Drink history is a funny thing; I'm sure numerous people have independently come up with exactly the same cocktail at virtually the same time, with a different name, or sometimes, the same. Usually, the best story sticks. The Margarita continues this tradition of lore; the year was 1938, and showgirl Majoire King for some reason only drank Tequila- bartender Danny Herrera near Rosarito, Mexico obliged with a version close to what we would consume today. Next up in 1941, Ensenada, Mexico, Don Carlos Orozco makes one for Margarita Henkel, a daughter of a German Ambassador.

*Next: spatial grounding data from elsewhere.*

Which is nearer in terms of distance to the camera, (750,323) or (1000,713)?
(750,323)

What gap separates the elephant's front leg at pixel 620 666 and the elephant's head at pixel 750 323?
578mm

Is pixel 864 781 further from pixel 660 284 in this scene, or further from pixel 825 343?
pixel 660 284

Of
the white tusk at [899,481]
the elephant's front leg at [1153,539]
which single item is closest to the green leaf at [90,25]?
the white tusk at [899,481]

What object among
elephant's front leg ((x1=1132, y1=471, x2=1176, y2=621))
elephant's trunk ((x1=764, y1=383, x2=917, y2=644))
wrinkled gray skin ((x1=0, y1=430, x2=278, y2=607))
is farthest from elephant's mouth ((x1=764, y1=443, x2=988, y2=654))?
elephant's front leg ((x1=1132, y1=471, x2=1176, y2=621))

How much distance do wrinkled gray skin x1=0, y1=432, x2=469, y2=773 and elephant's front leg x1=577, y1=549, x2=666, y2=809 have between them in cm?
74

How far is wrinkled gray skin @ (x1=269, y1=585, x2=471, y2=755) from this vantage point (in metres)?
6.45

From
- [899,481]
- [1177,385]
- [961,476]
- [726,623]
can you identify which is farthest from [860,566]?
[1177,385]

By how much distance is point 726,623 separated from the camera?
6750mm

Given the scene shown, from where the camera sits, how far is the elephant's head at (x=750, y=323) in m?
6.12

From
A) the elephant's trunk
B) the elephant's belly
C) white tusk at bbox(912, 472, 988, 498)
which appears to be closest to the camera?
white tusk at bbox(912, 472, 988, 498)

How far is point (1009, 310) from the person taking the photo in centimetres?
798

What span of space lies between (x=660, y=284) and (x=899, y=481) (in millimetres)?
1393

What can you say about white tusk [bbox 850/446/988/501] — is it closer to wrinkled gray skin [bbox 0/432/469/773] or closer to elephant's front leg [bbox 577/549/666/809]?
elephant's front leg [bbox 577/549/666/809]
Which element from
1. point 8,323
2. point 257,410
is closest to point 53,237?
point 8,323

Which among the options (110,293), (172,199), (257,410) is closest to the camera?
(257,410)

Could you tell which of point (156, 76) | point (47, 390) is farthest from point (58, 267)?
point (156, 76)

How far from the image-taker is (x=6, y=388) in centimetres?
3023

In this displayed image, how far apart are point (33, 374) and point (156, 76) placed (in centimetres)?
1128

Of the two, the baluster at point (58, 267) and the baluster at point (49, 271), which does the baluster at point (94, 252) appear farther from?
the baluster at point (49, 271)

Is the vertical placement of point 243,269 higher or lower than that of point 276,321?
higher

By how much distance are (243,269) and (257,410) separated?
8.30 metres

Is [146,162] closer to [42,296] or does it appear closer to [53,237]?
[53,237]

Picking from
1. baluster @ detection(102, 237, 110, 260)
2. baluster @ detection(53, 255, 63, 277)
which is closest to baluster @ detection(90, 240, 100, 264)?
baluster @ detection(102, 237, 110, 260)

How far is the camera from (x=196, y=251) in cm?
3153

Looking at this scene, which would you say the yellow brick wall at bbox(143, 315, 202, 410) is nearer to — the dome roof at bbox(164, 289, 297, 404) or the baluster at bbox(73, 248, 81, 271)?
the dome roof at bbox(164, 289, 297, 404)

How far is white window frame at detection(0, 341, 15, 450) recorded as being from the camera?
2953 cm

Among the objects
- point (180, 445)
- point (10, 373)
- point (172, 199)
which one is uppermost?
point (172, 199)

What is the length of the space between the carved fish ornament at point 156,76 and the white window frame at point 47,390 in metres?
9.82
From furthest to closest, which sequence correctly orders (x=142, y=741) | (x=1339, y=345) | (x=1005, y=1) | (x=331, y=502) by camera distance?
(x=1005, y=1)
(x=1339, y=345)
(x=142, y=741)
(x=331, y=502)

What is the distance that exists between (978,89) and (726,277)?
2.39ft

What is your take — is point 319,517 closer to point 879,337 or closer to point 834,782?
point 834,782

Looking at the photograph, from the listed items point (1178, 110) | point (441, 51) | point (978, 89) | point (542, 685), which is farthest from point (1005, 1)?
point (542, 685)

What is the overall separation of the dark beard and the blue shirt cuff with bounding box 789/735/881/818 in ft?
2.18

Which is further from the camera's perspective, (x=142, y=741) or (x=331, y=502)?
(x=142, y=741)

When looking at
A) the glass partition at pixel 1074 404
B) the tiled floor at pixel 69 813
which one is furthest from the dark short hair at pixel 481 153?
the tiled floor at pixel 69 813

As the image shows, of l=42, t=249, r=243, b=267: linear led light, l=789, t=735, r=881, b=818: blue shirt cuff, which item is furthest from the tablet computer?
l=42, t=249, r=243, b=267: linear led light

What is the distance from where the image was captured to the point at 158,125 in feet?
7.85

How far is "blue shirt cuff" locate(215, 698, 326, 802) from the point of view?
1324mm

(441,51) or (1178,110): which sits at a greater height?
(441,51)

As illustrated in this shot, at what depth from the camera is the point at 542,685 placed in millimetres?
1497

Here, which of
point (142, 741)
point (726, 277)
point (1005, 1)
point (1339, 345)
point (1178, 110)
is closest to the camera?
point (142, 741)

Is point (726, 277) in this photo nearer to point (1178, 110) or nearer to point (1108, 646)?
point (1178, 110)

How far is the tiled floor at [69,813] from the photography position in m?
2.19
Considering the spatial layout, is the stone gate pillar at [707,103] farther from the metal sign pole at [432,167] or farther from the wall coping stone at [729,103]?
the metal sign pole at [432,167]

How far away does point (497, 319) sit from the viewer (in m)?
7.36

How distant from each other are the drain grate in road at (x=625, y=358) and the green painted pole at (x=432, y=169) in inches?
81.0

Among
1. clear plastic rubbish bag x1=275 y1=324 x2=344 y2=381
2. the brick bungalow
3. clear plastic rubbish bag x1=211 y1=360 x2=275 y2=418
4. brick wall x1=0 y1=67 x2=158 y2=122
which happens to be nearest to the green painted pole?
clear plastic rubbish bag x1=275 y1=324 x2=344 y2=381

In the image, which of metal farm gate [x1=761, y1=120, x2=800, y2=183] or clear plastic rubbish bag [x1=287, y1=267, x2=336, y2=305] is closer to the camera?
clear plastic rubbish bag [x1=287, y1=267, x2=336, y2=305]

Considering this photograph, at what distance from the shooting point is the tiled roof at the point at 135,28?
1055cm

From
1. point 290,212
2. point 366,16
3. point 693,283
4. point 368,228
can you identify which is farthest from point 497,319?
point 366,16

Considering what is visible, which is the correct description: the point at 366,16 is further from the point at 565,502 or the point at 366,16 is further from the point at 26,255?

Seven years later in 1948 Dallas socialite Margarita Sames apparently entertained her friends by coming up with a new Tequila drink in her vacation home in Acapulco. The same year, Santos Cruz made one for singer Peggy (Margaret) Lee in Galveston, Texas, 1948- I, of course like this last one the best. I imagine sipping one on the pier at the famous Balinese Room over the Gulf of Mexico while listening to "Fever," but that's just me.
The reality is that while all the above stories may be true, much earlier, during prohibition, a very popular drink was the Daisy: rye, lemon, orange liqueur and sugar. Near the Mexican border in Southern California as a "new" spirit became available, it would make sense that they would use lime and make a Tequila Daisy. Take one guess what daisy translates to in Spanish?
Summer is a perfect time to enjoy one and make your own historical conclusions. I've headed over to Allston's Lone Star Taco Bar for their El Diablo Margarita. "Rich and spicy. Reposado Tequila, Mescal, lime jalapeño agave syrup served over ice with a chili-lime salt rim." Whoa, that's badass. What would Peggy Lee think- fever all through the night?